Podcast: "When is it early/When is it late?" in the admissions cycle


Danielle Early and Mike Spivey speak for 30 minutes on application submission timing. And a bit more below from Michigan Law Dean of Admissions Sarah Zearfoss.

Here is Dean Z.:

"Totally agree that before Thanksgiving is “early” in any school’s universe. All law school admissions officers are hitting the bricks from mid-September to mid-November; some offices are structured in a way that allows them to make some decisions despite the travel schedule, but the number of offers are a mere pittance compared to the overall number that will be made. People who don’t have their applications in when they start hearing about early September acceptances might feel dismayed, and worry that by the time they apply, nothing will be left—but that’s not even close to true. In general, I would advise people to try to get their applications in before the 1st of the year, simply because most people apply after that, creating a bottleneck. That means your outcome might be slowed down, which will be anxiety producing, but it doesn’t mean you’ll not get admitted because your application is somehow fatally “late.”

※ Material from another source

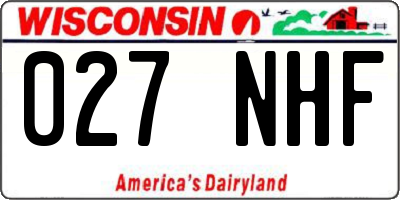 WI license plate 027NHF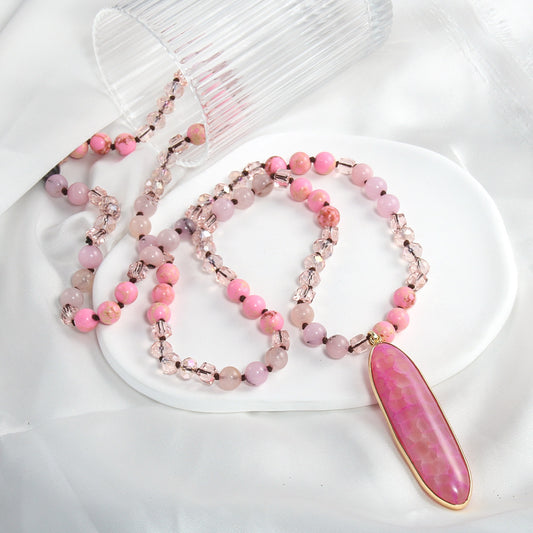 Natural Stone Glass Knotted Necklace Oval Agate Pendant Necklace Sweater Chain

Remember, too, that some schools take a lot of care with their applications. If you want to be judged on factors apart from/in addition to your LSAT and UGPA, then try to have some patience with the fact that those holistic processes are necessarily time intensive.

It’s all good practice for being a lawyer. Judges take a lot of time about issuing their opinions, and seem not to take into account that the lawyer submitted a kick-ass brief and did a stellar oral argument."